[ASSIGNMENT]
Please transcribe exactly the lines from the line holding "Krzesło Korum S23 Compact Accessory Chair" through the end of the data below, and skip any pictures.

(Beginning of WORKING DATA)

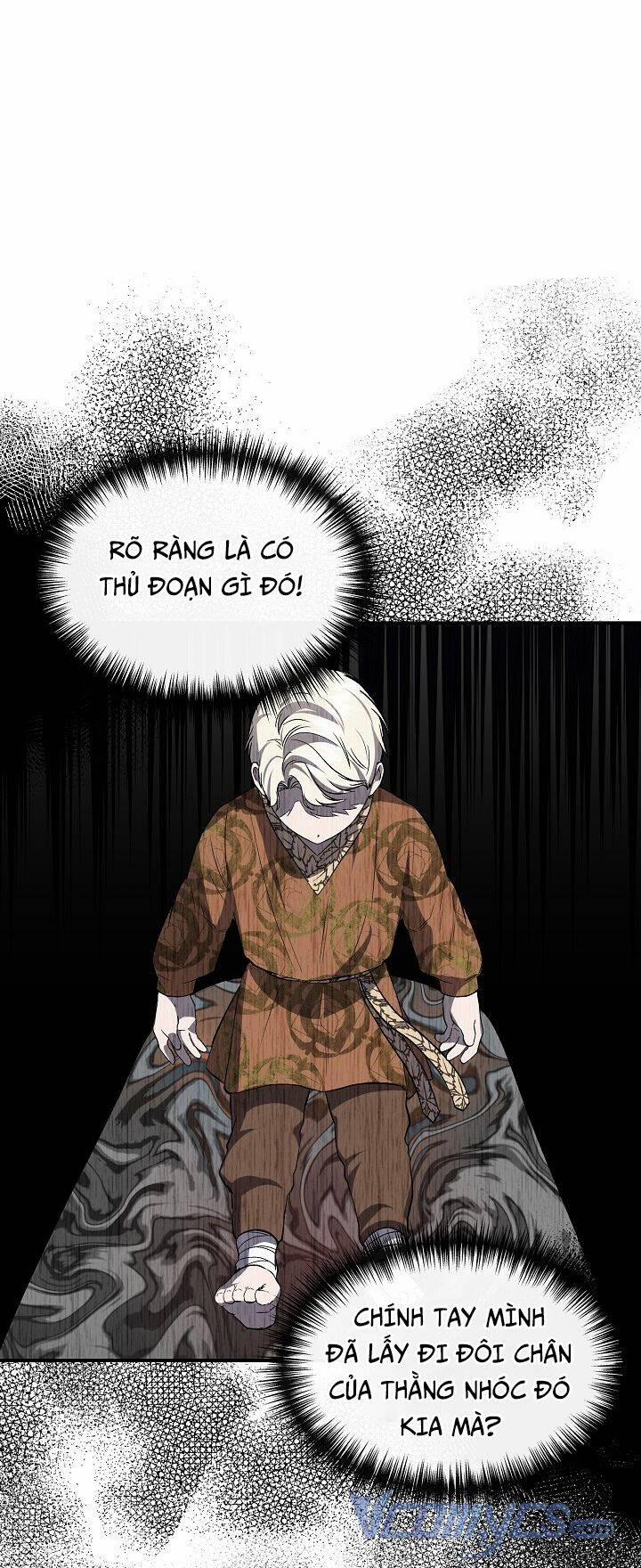 Tôi Không Phải Là Cinderella 62 trang 49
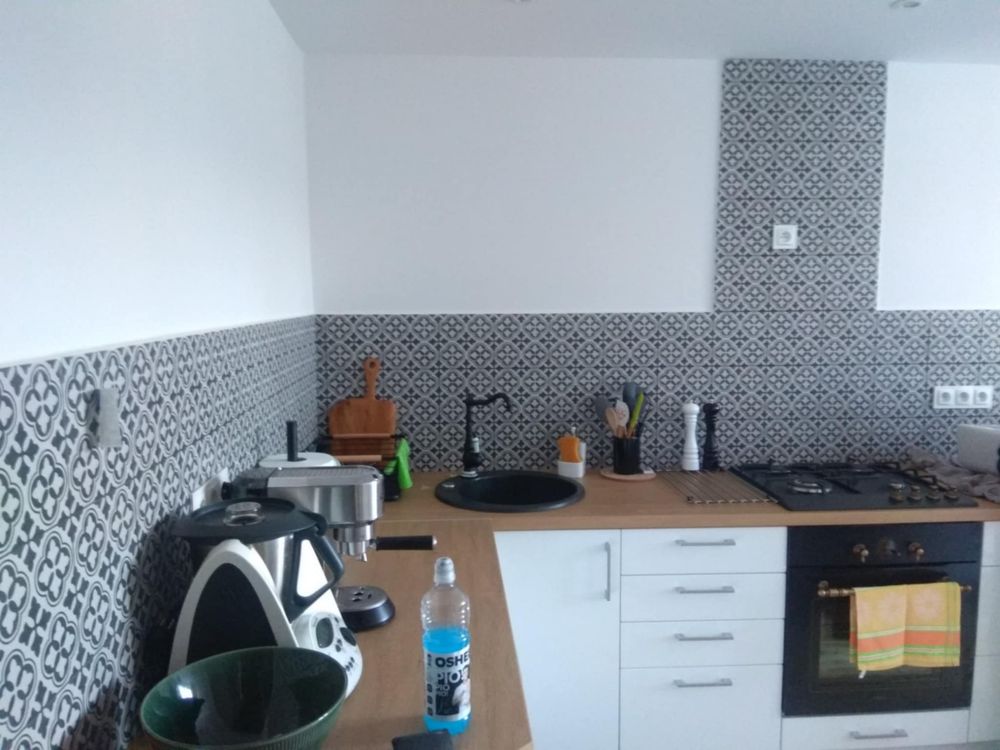 Usługi remontowo budowlane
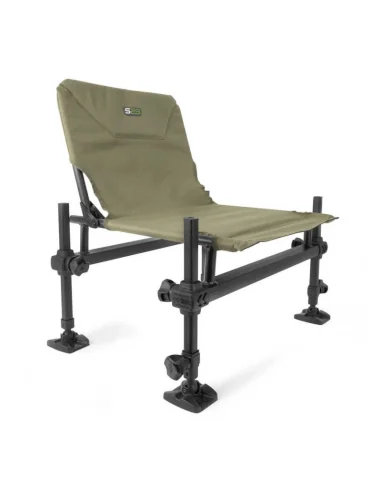 Krzesło Korum S23 Compact Accessory Chair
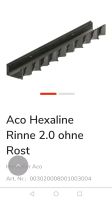 Aco Hexaline Rinne Bad Doberan - Landkreis - Sanitz Vorschau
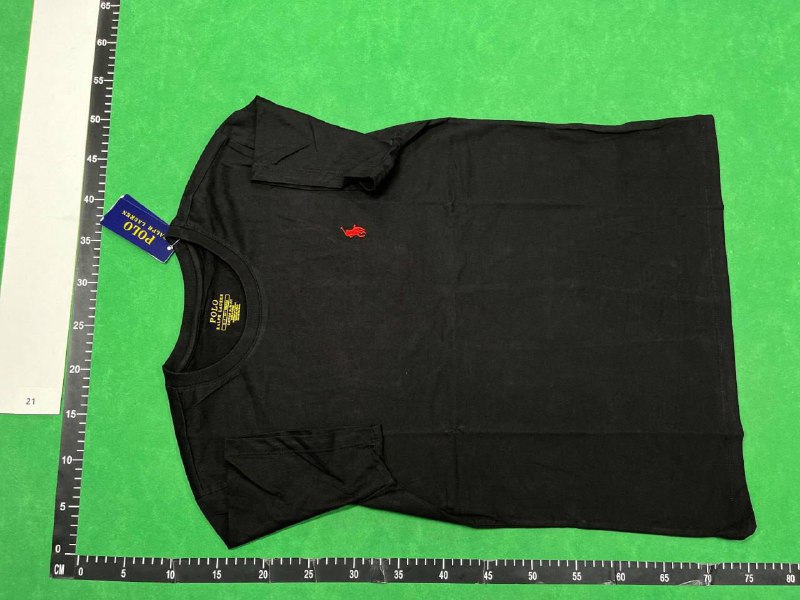 Ralph Lauren T-shirt（20+ Styles） - 5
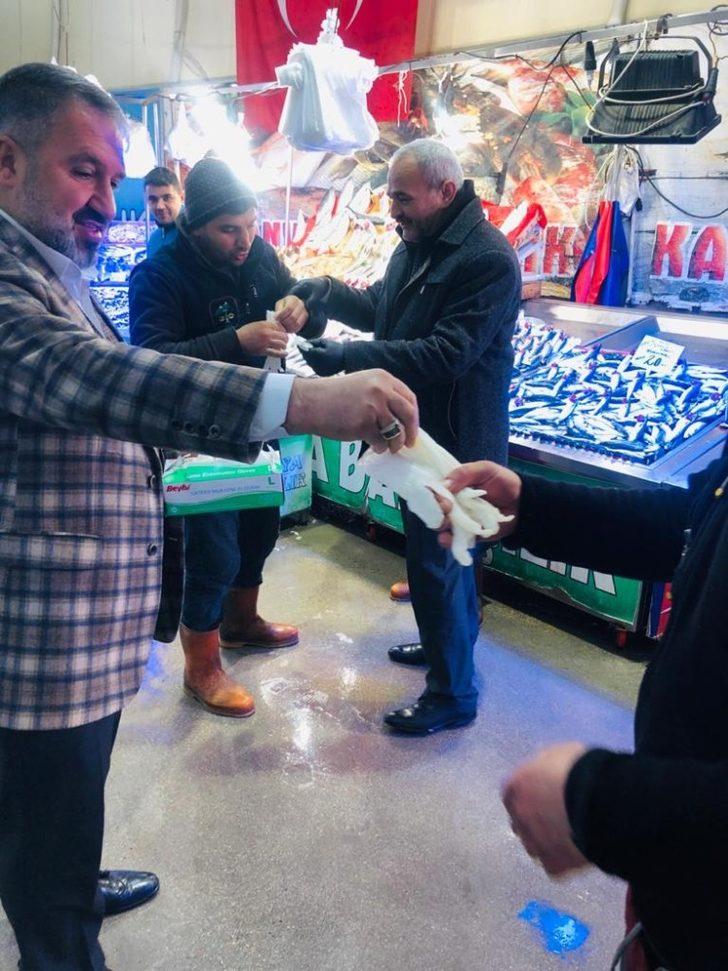 Bursa’da meyve, sebze tüketimi arttı G3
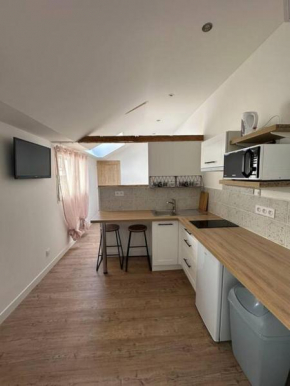 Petite maison avec CLIM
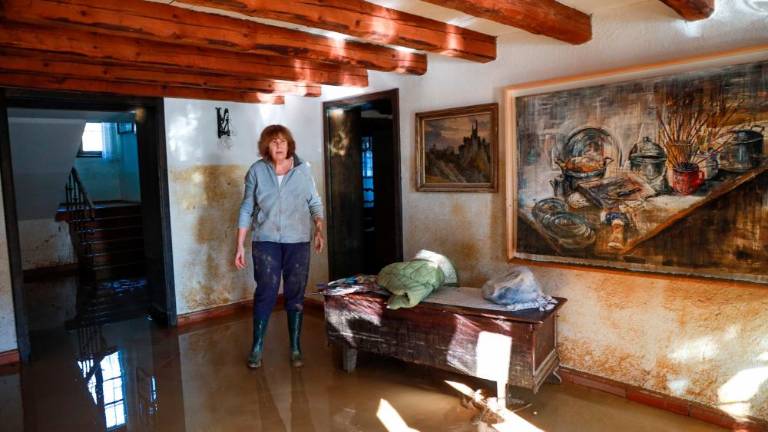 V Verso se vrača življenje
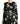Dolce & Gabbana Elegant Sunflower Maxi Gown with Crystals Dolce & Gabbana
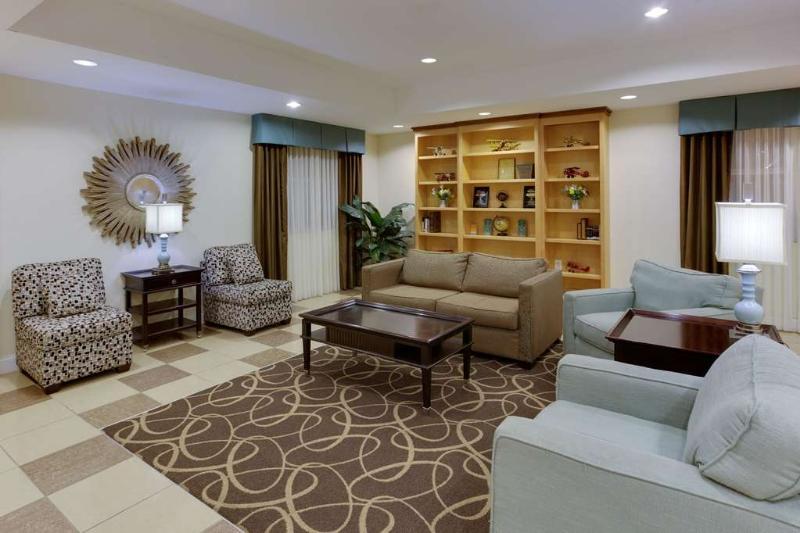 Hotel La Quinta By Wyndham Lexington Park - Patuxent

(End of WORKING DATA)

[RESPONSE TO THE TASK]
 Krzesło Korum S23 Compact Accessory Chair
 Aco Hexaline Rinne Bad Doberan - Landkreis - Sanitz Vorschau
 Ralph Lauren T-shirt（20+ Styles） - 5
 Bursa’da meyve, sebze tüketimi arttı G3
 Petite maison avec CLIM
 V Verso se vrača življenje
Dolce & Gabbana Elegant Sunflower Maxi Gown with Crystals Dolce & Gabbana
 Hotel La Quinta By Wyndham Lexington Park - Patuxent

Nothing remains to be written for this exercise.